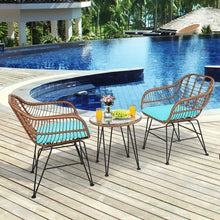 Load image into Gallery viewer, 3 Pcs Patio Rattan Bistro Set with Cushion-Turquoise
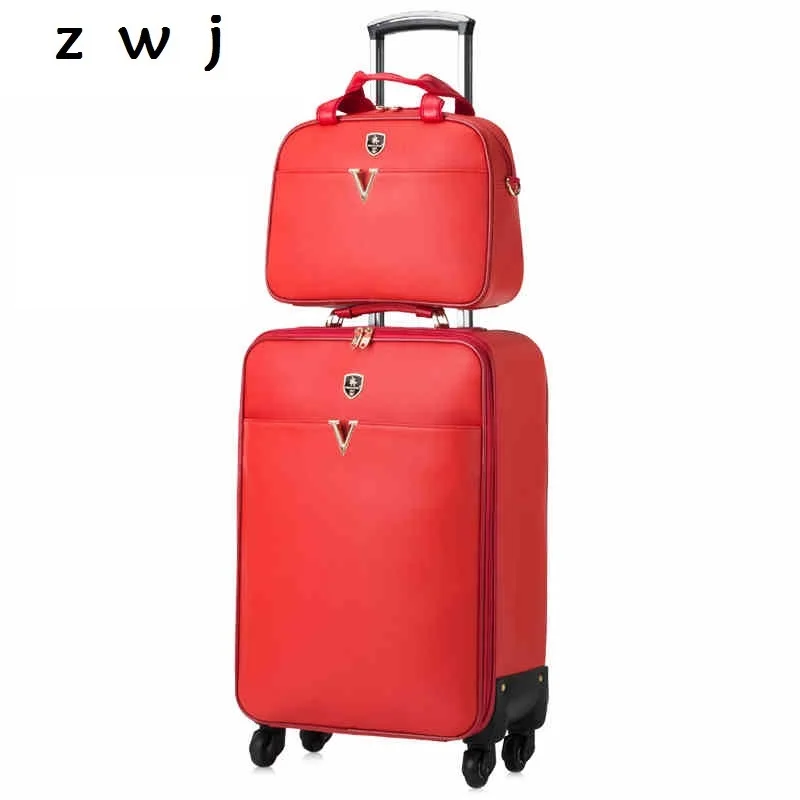 Красная винтажная багажная сумка, чемодан на колесах, универсальная Дорожная сумка на колесах из искусственной кожи - Цвет: 20 and 13 inch bag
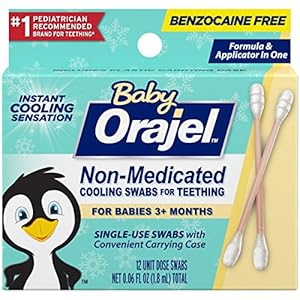 Orajel Baby Daytime Cooling Swabs for Teething, Drug-Free, 1 Pediatrician Recommended Brand for Teething*, 12 Swabs in…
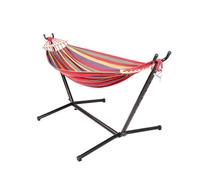 Generico Supporto for Amaca, Telaio Regolabile, Supporto for Altalena da Campeggio Portatile for Esterni, for Viaggi, Campeggio(con Amaca)(Red)
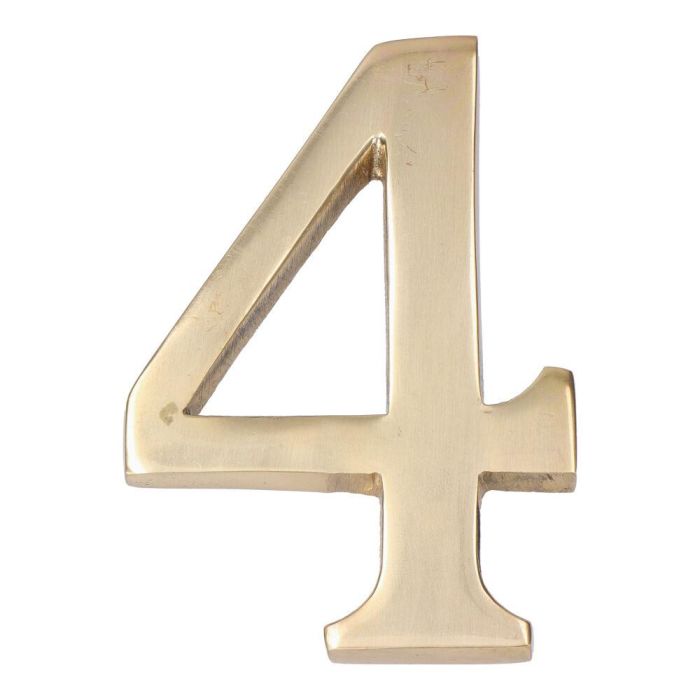 Edm Número 4 Latón Pulido 10cm Fijación Invisible Oro Viejo 0 Edm Número 4 Latón Pulido 10cm Fijación Invisible Oro Viejo 0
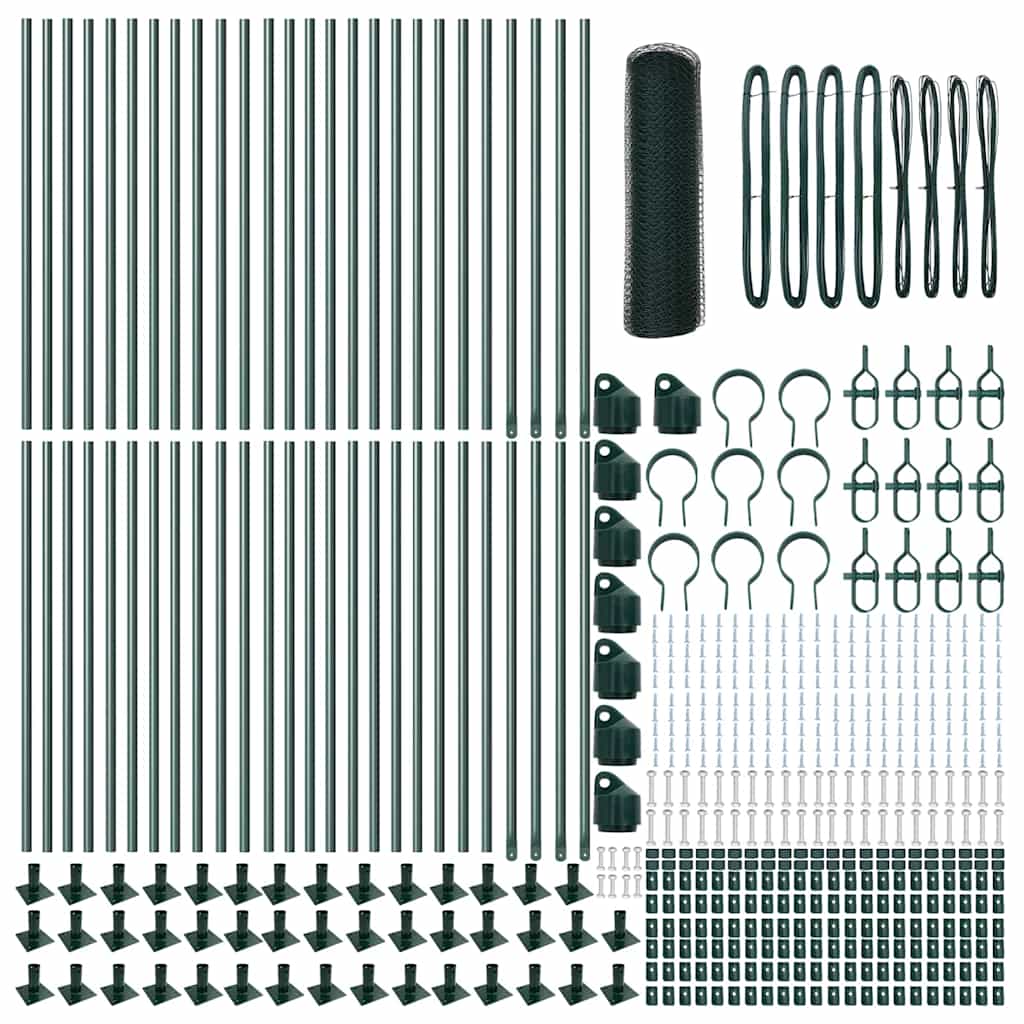 Fence with Posts Green 0.8 x 100 m PVC-coated steel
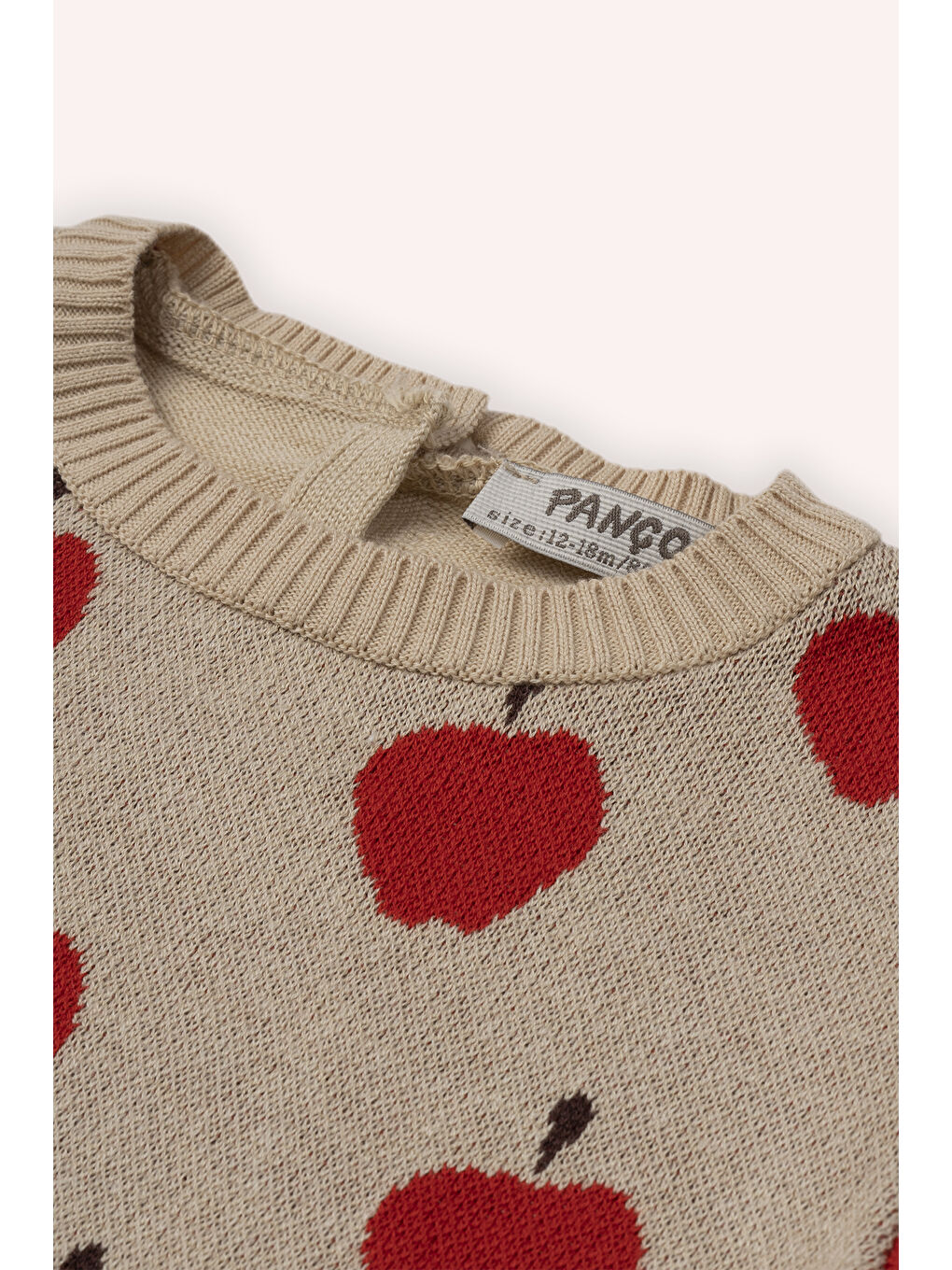 Bej Kız Çocuk Elma Desenli 2'li Triko Takım-4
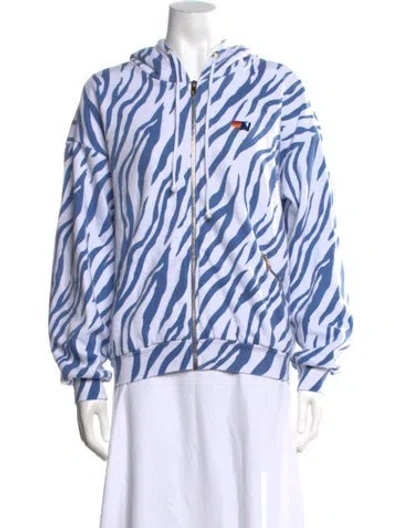 Pre-owned Aviator Nation Animal Print Crew Neck Hoodie In Multi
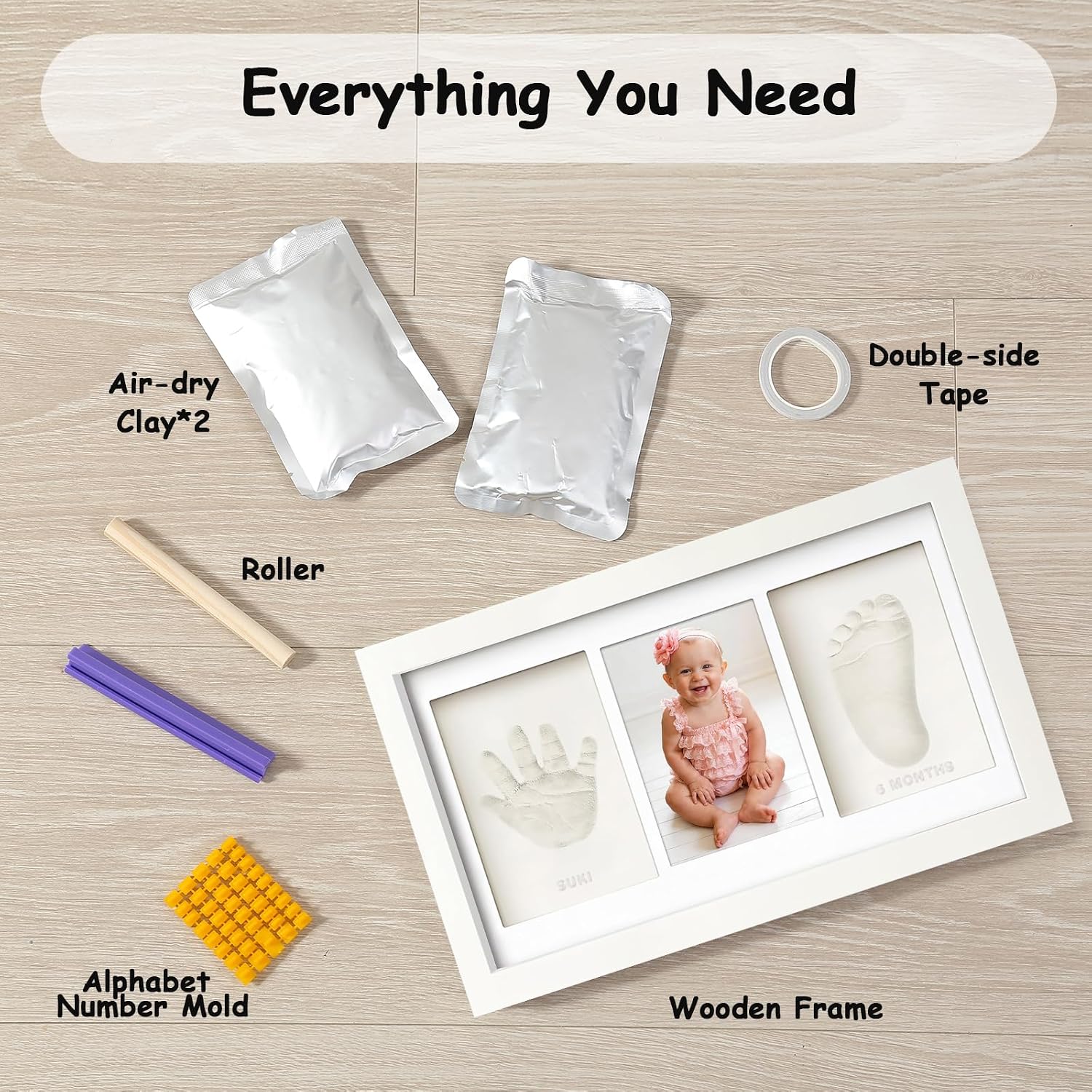 Thumbnail 1 de Yiukou Baby Handprint & Footprint Kit with Personalised Photo Frame Keepsake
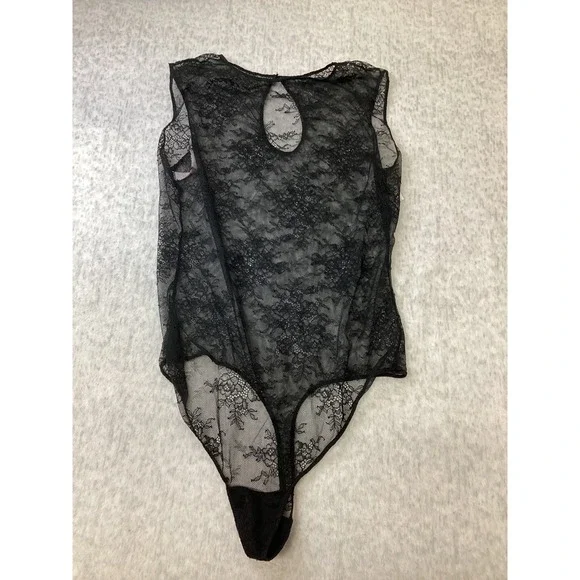 Auden Womens Black Floral Lace Sleeveless Thong Bodysuit Large 023102212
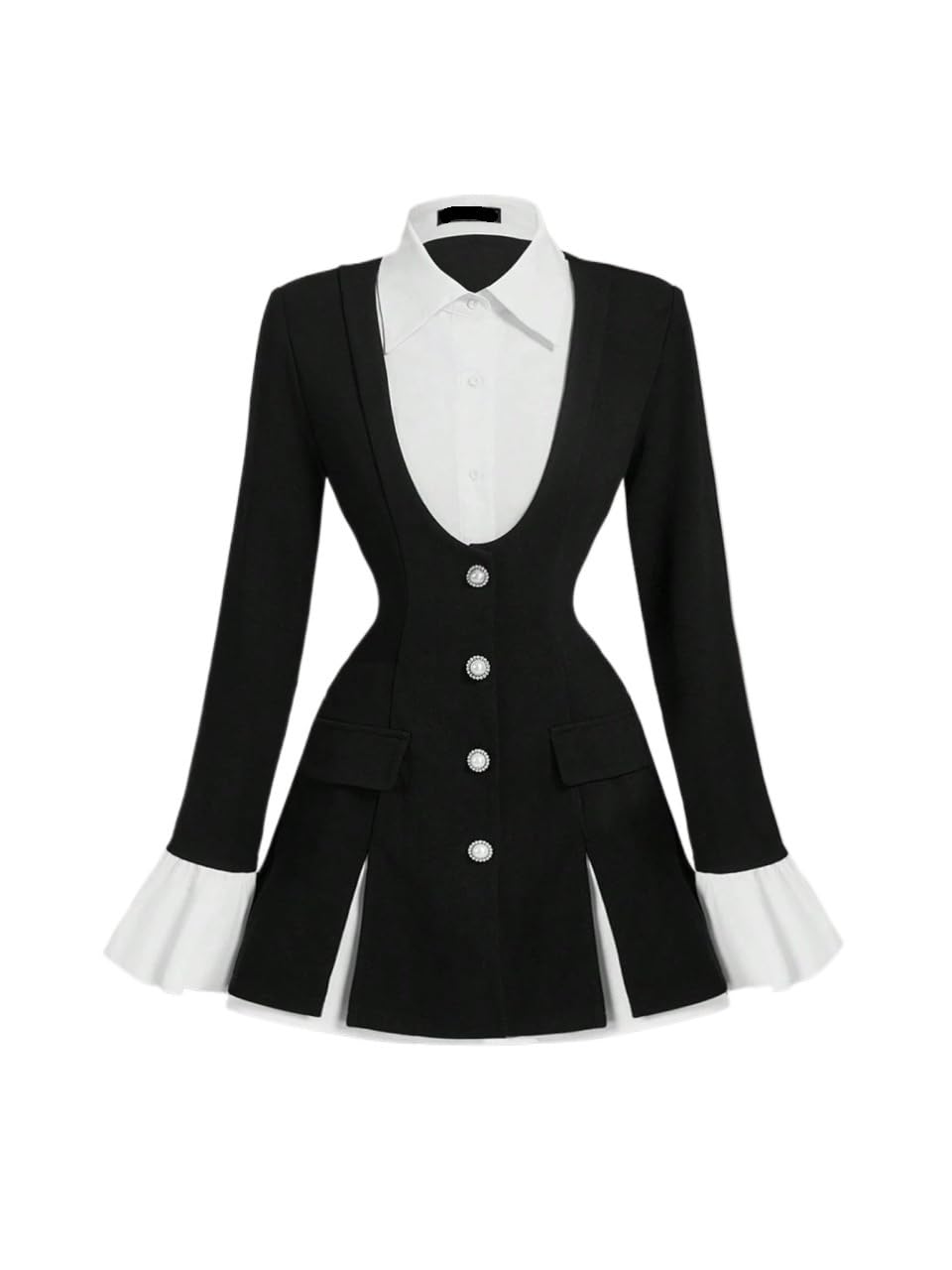 Womens winter coats Black Long Sleeve Flounced Suit Blazer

- **What needs to be done**: In the copy, include exactly the lines from the one containing "Thumbnail 1 de" through the last line of the records, and no pictures or other text.

- **Written answer**:
 Thumbnail 1 de Yiukou Baby Handprint & Footprint Kit with Personalised Photo Frame Keepsake
 Auden Womens Black Floral Lace Sleeveless Thong Bodysuit Large 023102212
 Womens winter coats Black Long Sleeve Flounced Suit Blazer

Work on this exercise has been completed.